[COLLECTED DATA]

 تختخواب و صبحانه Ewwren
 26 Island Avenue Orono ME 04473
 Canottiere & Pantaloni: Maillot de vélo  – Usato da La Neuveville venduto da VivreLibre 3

[/COLLECTED DATA]

From the first line to the last, transcribe the data exactly.

 تختخواب و صبحانه Ewwren
 26 Island Avenue Orono ME 04473
 Canottiere & Pantaloni: Maillot de vélo  – Usato da La Neuveville venduto da VivreLibre 3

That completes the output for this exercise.